Die Standing Behind Neck Press ist eine Krafttrainingsübung, die vor allem die Schultermuskulatur anspricht, aber auch den oberen Rücken und den Trizeps beansprucht. Es eignet sich für Personen mit mittlerem Fitnessniveau, insbesondere für Sportler, die ihre Oberkörperkraft und Stabilität verbessern möchten. Menschen können diese Übung in ihre Routine integrieren, um ihre Körperhaltung zu verbessern, das Muskelgleichgewicht zu fördern und ihre Gesamtkraft und Leistung beim Sport oder bei täglichen Aktivitäten zu steigern.

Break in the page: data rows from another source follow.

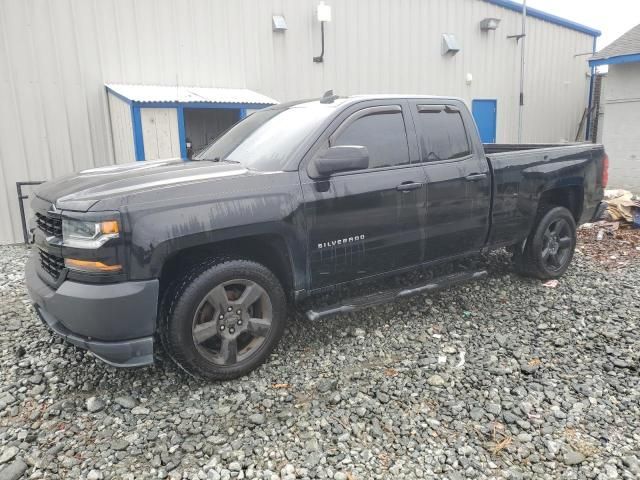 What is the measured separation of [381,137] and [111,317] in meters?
2.38

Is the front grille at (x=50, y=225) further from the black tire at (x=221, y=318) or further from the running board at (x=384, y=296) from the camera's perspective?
the running board at (x=384, y=296)

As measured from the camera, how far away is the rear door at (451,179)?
13.5 ft

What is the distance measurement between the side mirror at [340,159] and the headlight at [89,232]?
1.37 metres

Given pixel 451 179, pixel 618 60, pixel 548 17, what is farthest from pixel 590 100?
pixel 451 179

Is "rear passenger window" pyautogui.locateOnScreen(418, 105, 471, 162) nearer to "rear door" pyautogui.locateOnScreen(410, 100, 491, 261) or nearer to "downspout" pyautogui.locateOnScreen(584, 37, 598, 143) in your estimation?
"rear door" pyautogui.locateOnScreen(410, 100, 491, 261)

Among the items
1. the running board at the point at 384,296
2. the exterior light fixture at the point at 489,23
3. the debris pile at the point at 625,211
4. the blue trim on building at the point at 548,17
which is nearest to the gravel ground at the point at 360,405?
the running board at the point at 384,296

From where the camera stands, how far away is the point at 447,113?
4.40 m

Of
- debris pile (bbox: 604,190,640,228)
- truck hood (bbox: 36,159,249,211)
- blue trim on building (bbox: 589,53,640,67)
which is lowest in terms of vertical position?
debris pile (bbox: 604,190,640,228)

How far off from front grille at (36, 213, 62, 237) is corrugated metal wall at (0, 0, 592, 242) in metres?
5.00

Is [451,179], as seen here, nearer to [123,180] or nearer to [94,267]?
[123,180]

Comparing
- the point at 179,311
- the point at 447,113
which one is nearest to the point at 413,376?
the point at 179,311

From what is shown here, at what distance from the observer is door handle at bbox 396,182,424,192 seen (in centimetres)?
385

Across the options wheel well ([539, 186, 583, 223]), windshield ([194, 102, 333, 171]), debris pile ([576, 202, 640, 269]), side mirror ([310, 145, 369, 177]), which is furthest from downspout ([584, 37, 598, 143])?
side mirror ([310, 145, 369, 177])

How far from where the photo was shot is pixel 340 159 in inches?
132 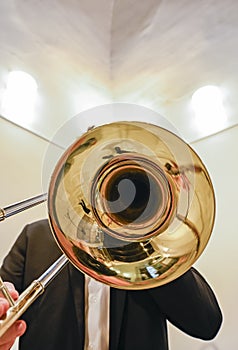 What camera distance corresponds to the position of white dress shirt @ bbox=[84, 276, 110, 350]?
0.71m

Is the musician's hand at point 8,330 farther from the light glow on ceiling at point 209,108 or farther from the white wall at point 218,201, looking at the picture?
the light glow on ceiling at point 209,108

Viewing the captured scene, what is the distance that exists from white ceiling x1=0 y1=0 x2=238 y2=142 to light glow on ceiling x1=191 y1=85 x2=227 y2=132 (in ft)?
0.07

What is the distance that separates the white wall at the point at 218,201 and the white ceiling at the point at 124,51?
0.08 meters

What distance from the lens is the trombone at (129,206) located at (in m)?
0.53

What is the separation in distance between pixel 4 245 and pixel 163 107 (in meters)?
0.89

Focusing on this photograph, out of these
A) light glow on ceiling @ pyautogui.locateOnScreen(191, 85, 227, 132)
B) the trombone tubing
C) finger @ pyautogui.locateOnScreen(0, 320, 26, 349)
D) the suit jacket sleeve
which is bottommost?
the suit jacket sleeve

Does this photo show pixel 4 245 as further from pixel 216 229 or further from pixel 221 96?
pixel 221 96

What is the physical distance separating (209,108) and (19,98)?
750 millimetres

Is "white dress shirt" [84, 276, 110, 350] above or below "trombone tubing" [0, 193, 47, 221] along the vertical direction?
below

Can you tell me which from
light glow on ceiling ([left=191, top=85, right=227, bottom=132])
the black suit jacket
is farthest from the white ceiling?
the black suit jacket

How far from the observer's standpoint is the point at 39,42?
143 centimetres

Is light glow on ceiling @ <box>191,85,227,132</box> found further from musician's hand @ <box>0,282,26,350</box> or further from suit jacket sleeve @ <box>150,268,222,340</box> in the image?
musician's hand @ <box>0,282,26,350</box>

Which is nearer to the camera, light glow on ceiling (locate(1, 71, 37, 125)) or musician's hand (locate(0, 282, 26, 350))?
musician's hand (locate(0, 282, 26, 350))

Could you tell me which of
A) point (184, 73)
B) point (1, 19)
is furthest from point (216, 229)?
point (1, 19) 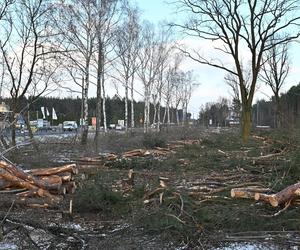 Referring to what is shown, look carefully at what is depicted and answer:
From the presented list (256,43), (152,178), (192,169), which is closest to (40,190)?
(152,178)

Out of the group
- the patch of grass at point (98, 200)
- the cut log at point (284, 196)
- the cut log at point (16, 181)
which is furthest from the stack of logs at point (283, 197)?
the cut log at point (16, 181)

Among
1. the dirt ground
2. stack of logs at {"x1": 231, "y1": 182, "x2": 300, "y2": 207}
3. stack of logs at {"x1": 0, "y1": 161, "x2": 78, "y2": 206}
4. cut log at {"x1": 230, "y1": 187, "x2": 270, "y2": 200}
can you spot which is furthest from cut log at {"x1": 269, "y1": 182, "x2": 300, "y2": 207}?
stack of logs at {"x1": 0, "y1": 161, "x2": 78, "y2": 206}

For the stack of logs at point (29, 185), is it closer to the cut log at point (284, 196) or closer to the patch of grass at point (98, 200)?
the patch of grass at point (98, 200)

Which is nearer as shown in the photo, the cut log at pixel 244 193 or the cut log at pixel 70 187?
the cut log at pixel 244 193

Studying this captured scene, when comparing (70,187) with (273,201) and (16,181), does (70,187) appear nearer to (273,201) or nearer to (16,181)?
(16,181)

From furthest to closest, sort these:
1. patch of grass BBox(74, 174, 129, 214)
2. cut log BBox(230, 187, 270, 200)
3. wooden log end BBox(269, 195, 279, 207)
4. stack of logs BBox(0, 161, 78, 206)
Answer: stack of logs BBox(0, 161, 78, 206) < patch of grass BBox(74, 174, 129, 214) < cut log BBox(230, 187, 270, 200) < wooden log end BBox(269, 195, 279, 207)

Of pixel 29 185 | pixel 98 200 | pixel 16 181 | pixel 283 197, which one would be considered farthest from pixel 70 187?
pixel 283 197

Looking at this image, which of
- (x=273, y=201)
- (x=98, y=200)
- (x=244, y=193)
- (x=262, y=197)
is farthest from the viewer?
(x=98, y=200)

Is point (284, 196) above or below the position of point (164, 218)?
above

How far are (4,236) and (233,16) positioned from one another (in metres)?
19.8

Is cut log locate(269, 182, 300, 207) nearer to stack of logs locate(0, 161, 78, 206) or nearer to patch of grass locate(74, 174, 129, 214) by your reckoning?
patch of grass locate(74, 174, 129, 214)

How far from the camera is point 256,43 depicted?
2405 centimetres

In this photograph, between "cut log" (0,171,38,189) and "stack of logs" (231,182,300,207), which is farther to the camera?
"cut log" (0,171,38,189)

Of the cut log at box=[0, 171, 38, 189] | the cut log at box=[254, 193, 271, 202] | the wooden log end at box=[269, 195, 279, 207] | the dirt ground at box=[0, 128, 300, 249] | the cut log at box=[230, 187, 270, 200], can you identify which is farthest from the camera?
→ the cut log at box=[0, 171, 38, 189] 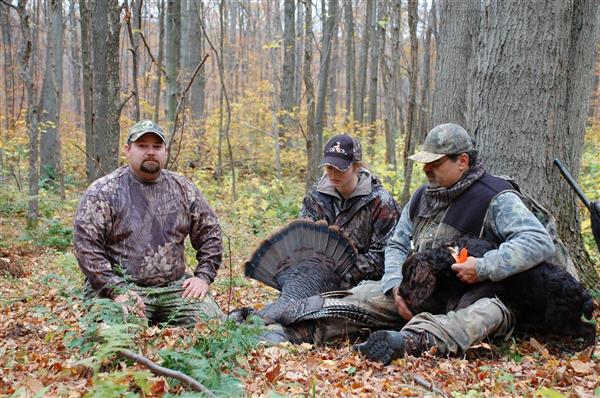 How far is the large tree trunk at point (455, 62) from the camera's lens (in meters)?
8.22

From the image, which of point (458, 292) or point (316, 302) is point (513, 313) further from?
point (316, 302)

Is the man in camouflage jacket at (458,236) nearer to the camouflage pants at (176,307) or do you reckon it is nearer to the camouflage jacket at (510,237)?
the camouflage jacket at (510,237)

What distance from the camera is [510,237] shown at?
4551mm

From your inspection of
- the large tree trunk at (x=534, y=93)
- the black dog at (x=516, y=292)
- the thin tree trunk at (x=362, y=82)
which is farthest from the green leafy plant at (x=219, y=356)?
the thin tree trunk at (x=362, y=82)

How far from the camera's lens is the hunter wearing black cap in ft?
19.2

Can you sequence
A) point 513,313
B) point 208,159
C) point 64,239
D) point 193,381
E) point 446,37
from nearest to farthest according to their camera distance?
point 193,381, point 513,313, point 446,37, point 64,239, point 208,159

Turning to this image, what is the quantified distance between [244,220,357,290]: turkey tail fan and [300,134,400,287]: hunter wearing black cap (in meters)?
0.29

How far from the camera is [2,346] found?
4.68 metres

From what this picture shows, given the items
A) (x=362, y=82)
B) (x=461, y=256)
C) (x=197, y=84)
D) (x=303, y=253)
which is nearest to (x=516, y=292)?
(x=461, y=256)

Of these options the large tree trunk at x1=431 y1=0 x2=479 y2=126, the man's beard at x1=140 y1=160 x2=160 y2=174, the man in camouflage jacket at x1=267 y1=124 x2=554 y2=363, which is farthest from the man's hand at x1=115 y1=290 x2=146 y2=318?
the large tree trunk at x1=431 y1=0 x2=479 y2=126

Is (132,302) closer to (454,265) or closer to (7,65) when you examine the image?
(454,265)

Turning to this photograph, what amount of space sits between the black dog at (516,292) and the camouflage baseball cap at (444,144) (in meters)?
0.75

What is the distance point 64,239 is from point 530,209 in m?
8.74

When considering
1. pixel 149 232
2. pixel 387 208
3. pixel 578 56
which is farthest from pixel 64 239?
pixel 578 56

Durchführung der: Eine Schritt-für-Schritt-Anleitung Hinter der Nackenpresse stehen

  • Heben Sie die Hantel an und positionieren Sie sie hinter Ihrem Kopf, etwa auf Schulterhöhe. Dies ist Ihre Ausgangsposition.
  • Drücken Sie die Hantel langsam nach oben, bis Ihre Arme vollständig über Ihrem Kopf ausgestreckt sind.
  • Halten Sie oben kurz inne und senken Sie die Hantel dann langsam wieder in die Ausgangsposition hinter Ihrem Nacken ab.
  • Wiederholen Sie diese Bewegung für die gewünschte Anzahl an Wiederholungen und achten Sie darauf, dass Ihr Rücken während der gesamten Übung gerade bleibt und die Rumpfmuskulatur angespannt bleibt.

Tipps zur Ausführung Hinter der Nackenpresse stehen

  • Kontrollierte Bewegung: Vermeiden Sie schnelle, ruckartige Bewegungen. Heben und senken Sie die Hantel stattdessen langsam und kontrolliert. Dies reduziert nicht nur das Verletzungsrisiko, sondern maximiert auch die Muskelbeanspruchung und macht die Übung effektiver.
  • Vermeiden Sie Überlastung: Ein häufiger Fehler besteht darin, zu früh zu viel Gewicht zu heben. Beginnen Sie mit einem Gewicht, das Sie bequem für 8–12 Wiederholungen heben können, und steigern Sie es schrittweise, wenn sich Ihre Kraft verbessert. Überlastung kann zu einer schlechten Form und möglichen Verletzungen führen.
  • Beanspruchen Sie Ihre Rumpfmuskulatur: Halten Sie Ihre Rumpfmuskulatur während der gesamten Übung angespannt. Dies wird dazu beitragen, das Gleichgewicht und die Stabilität aufrechtzuerhalten

Hinter der Nackenpresse stehen FAQs

Können Anfänger die Hinter der Nackenpresse stehen?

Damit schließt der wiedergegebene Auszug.